Dropping every picture, set down exactly the lines in the entries below, starting with the line with "Deniz kenarında palmiye ağaçları" and going on through the line with "A Transatlantic Tour: Comprising".

─── RECORDS SHOWN

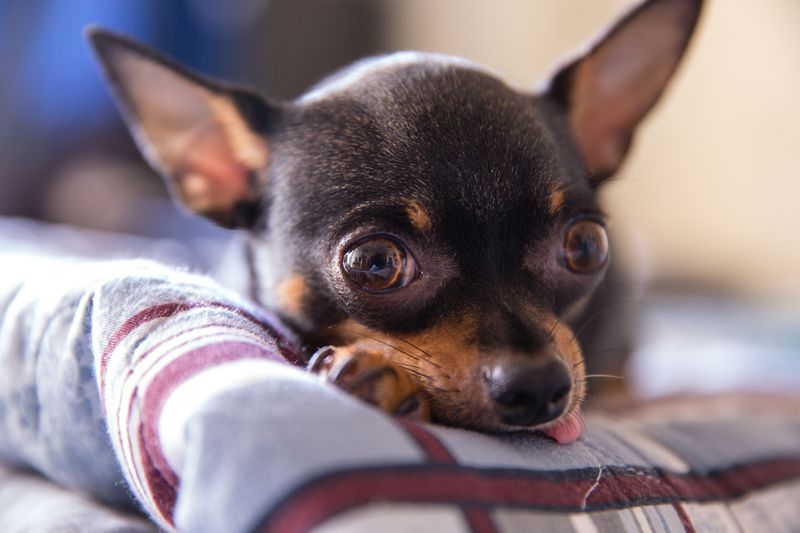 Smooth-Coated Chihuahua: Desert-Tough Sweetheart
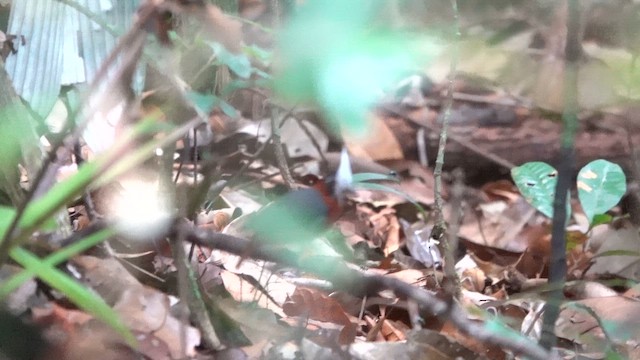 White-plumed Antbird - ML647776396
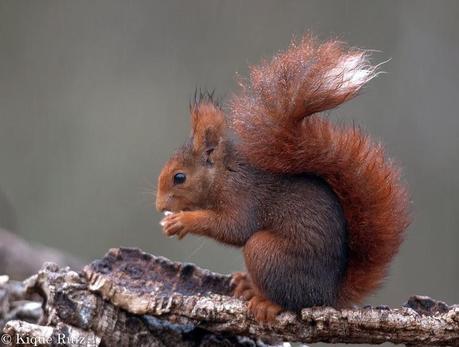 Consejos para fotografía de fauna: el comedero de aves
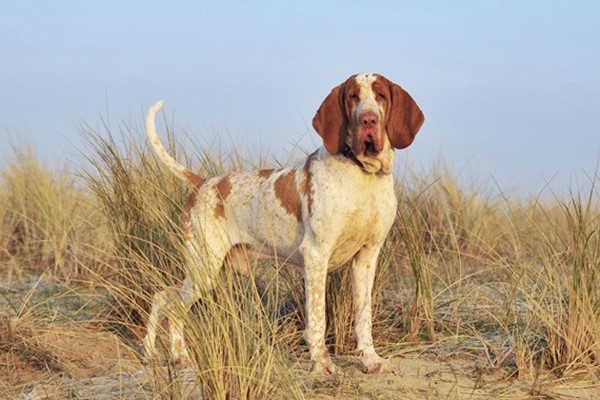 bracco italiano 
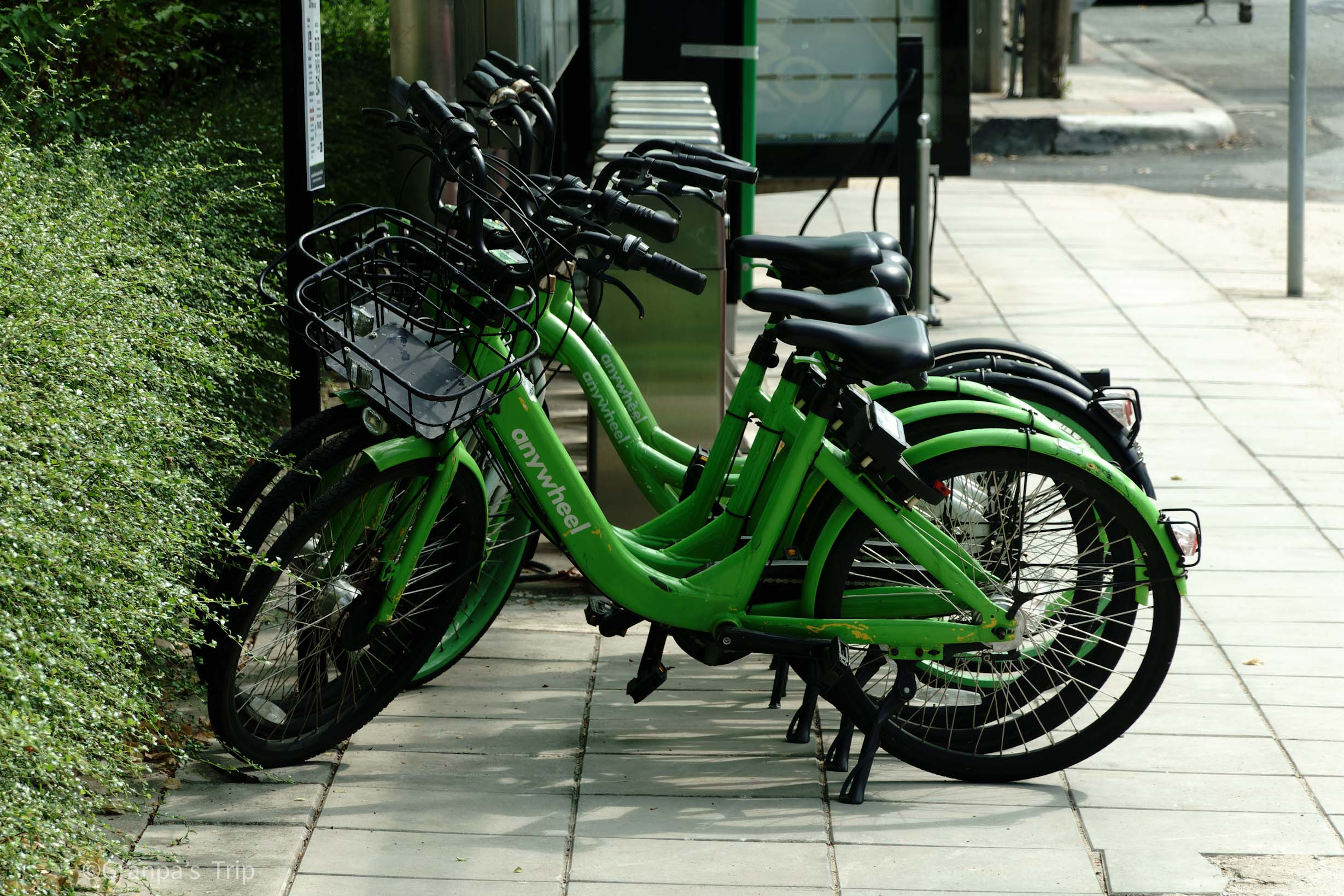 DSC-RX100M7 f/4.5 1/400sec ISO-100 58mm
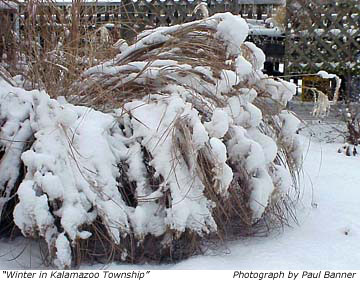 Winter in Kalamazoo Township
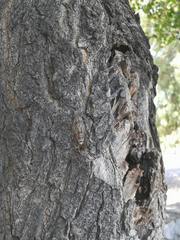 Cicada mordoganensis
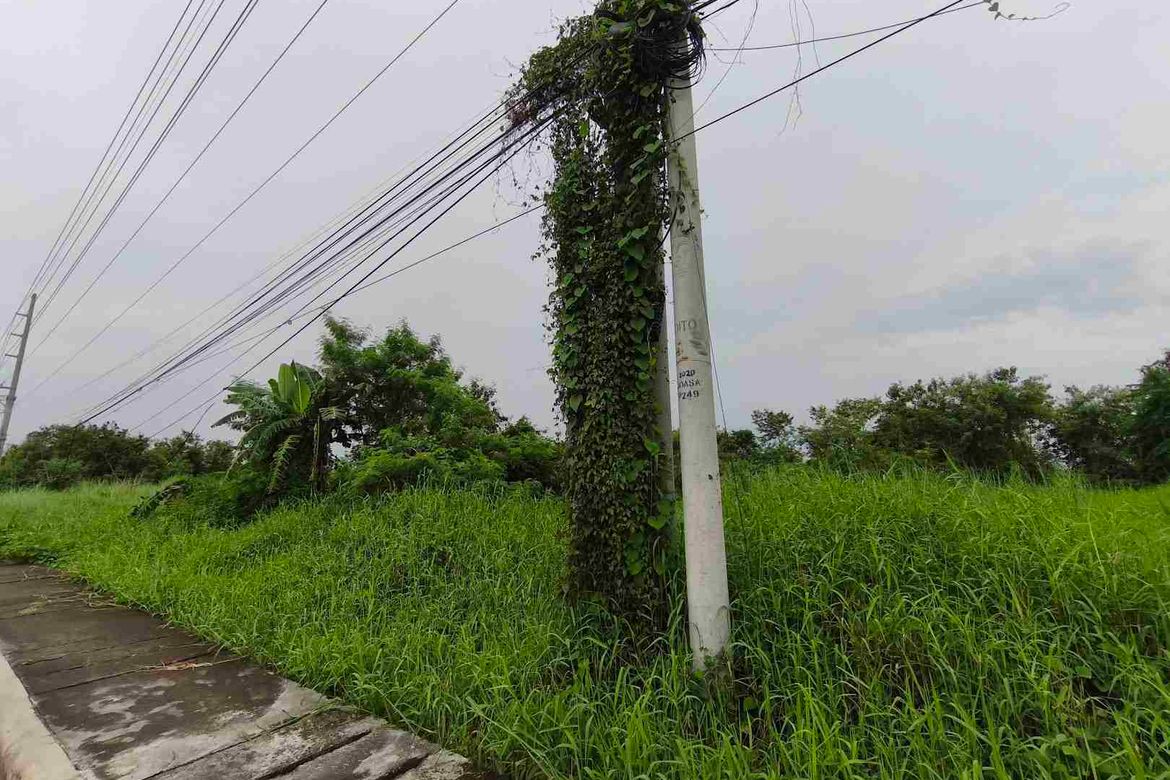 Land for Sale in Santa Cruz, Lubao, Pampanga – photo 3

──────
─── RECORDS SHOWN

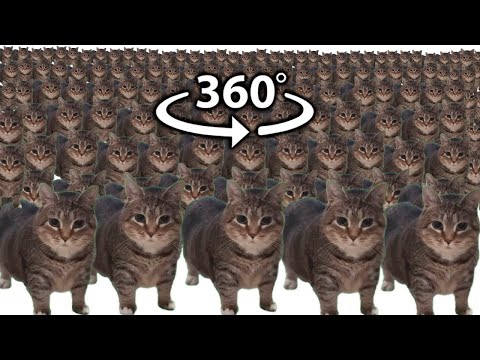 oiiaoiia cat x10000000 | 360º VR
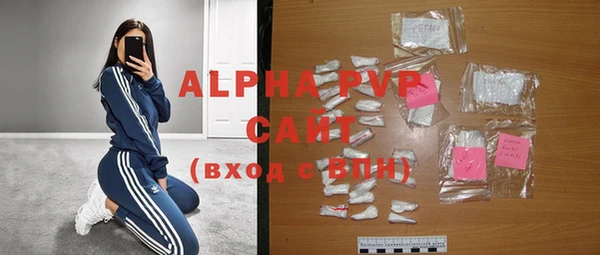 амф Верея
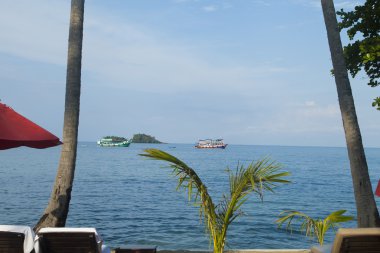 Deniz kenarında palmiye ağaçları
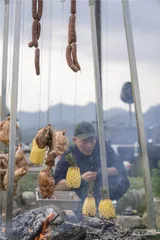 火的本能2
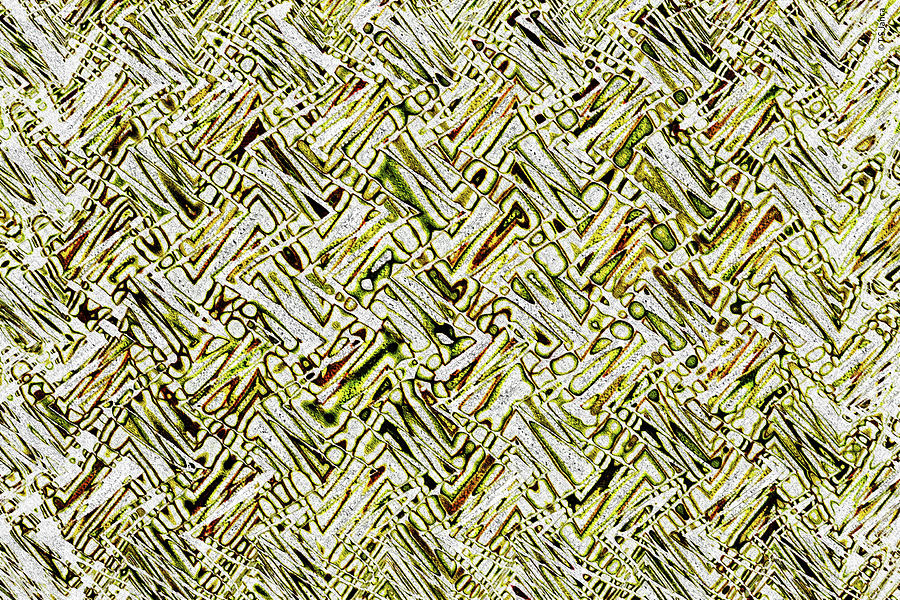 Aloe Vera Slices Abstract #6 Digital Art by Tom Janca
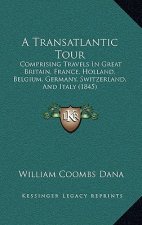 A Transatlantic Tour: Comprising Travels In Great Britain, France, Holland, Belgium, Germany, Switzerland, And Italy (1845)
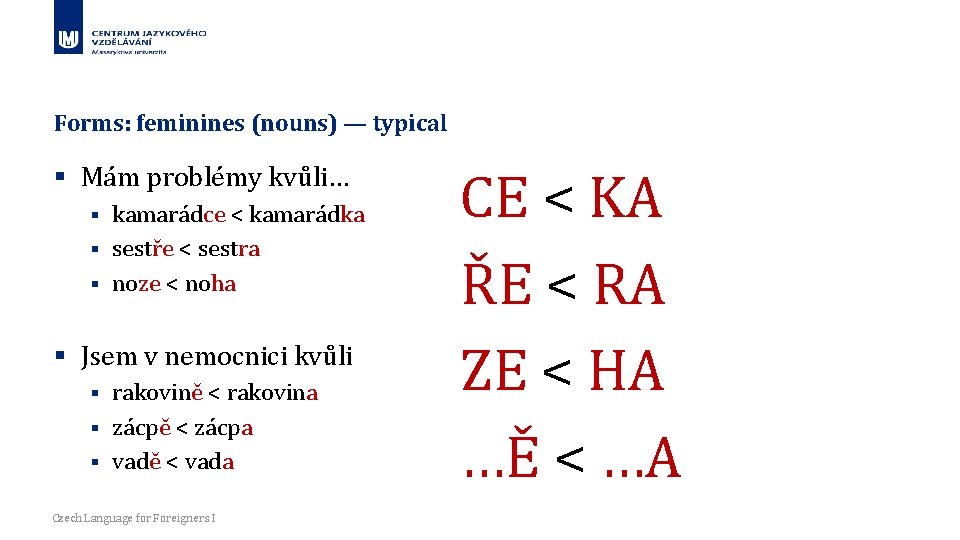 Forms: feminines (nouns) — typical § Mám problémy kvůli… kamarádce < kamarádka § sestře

──────
─── RECORDS SHOWN

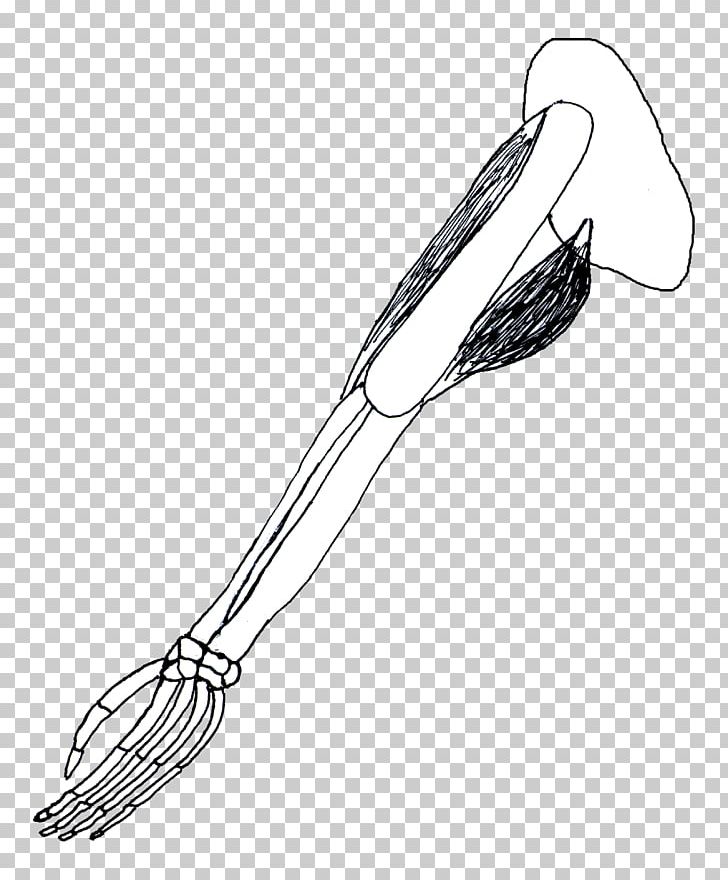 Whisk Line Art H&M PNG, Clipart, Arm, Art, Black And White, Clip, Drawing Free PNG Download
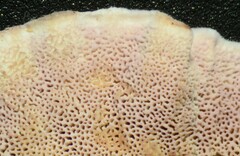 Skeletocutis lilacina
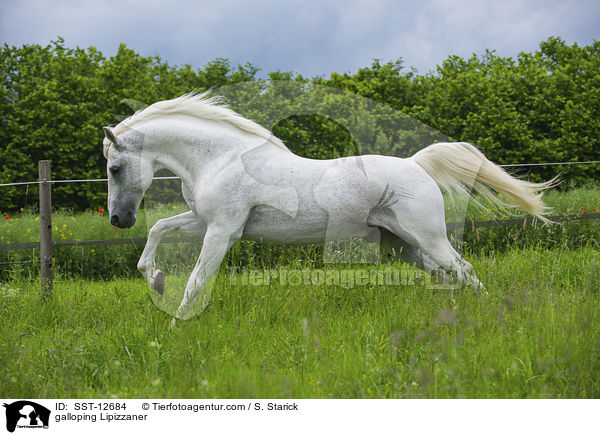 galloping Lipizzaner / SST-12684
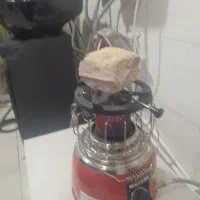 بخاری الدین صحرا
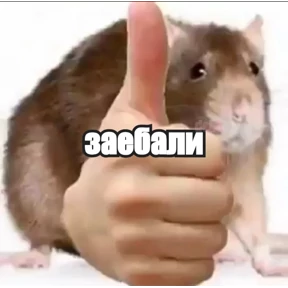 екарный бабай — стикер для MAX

──────

EXPECTED ANSWER:
 Deniz kenarında palmiye ağaçları
 火的本能2
 Aloe Vera Slices Abstract #6 Digital Art by Tom Janca
 A Transatlantic Tour: Comprising Travels In Great Britain, France, Holland, Belgium, Germany, Switzerland, And Italy (1845)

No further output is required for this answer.